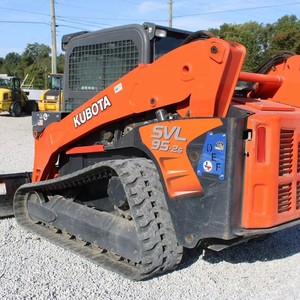 Kubota รถตัก SVL95-2S ดีเซลรถขุดตีนตะขาบ Huade สายพานไฮดรอลิก - Product Image 5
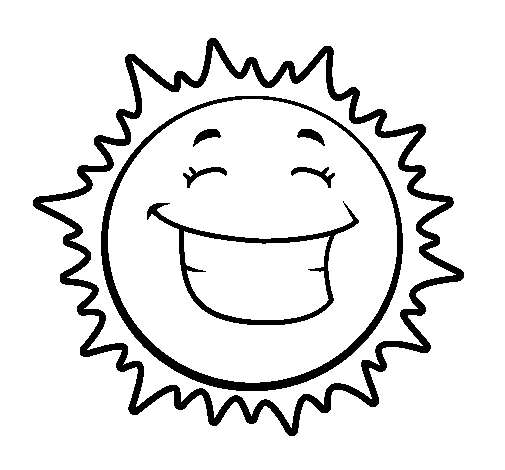 ぬりえページ: 太陽 (自然) #157993 - 無料の印刷可能なぬりえページ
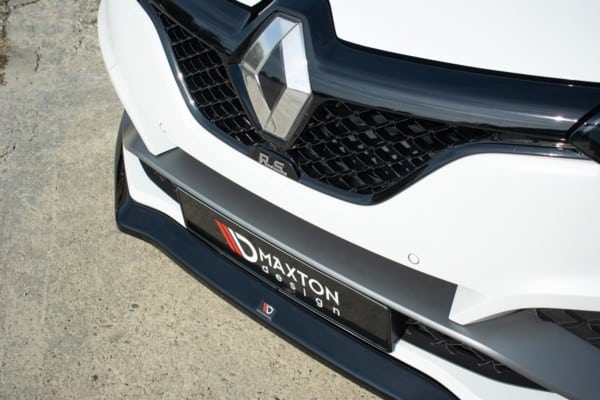 MAXTON DESIGN - Spoiler pod Predný náraznik   V.2 Renault Megane IV RS , Čierny lesk – Obrázok 5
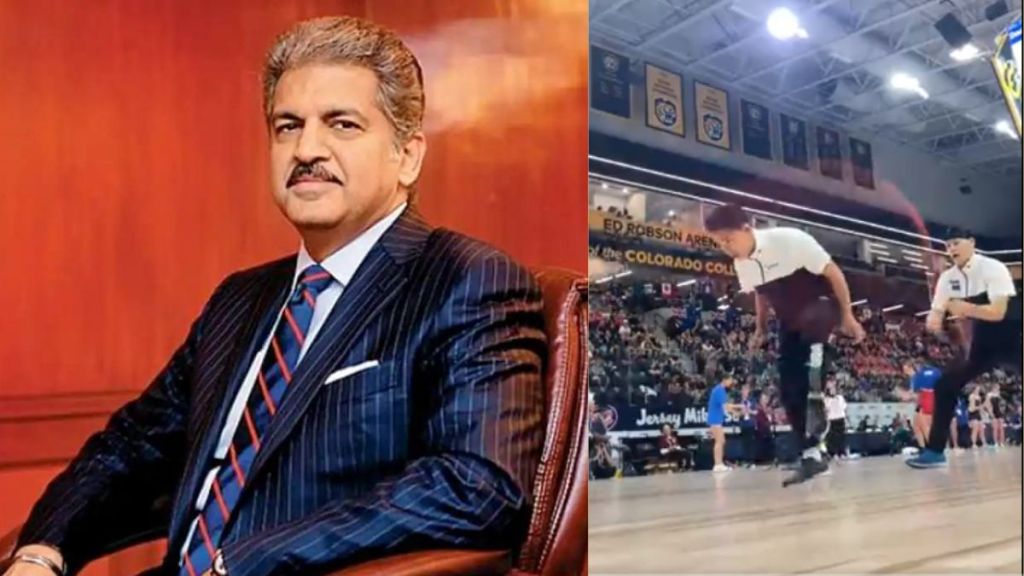 Anand Mahindra’s Monday Motivation video is straight from World Jump Rope Championship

▶ Action item
Print the lines from the one that contains "ぬりえページ: 太陽 (自然) #157993 - 無料の印刷可能なぬりえページ" through the final line of the material above, exactly and only those, with pictures left out.

▶ Result of the exercise
 ぬりえページ: 太陽 (自然) #157993 - 無料の印刷可能なぬりえページ
 MAXTON DESIGN - Spoiler pod Predný náraznik   V.2 Renault Megane IV RS , Čierny lesk – Obrázok 5
 Anand Mahindra’s Monday Motivation video is straight from World Jump Rope Championship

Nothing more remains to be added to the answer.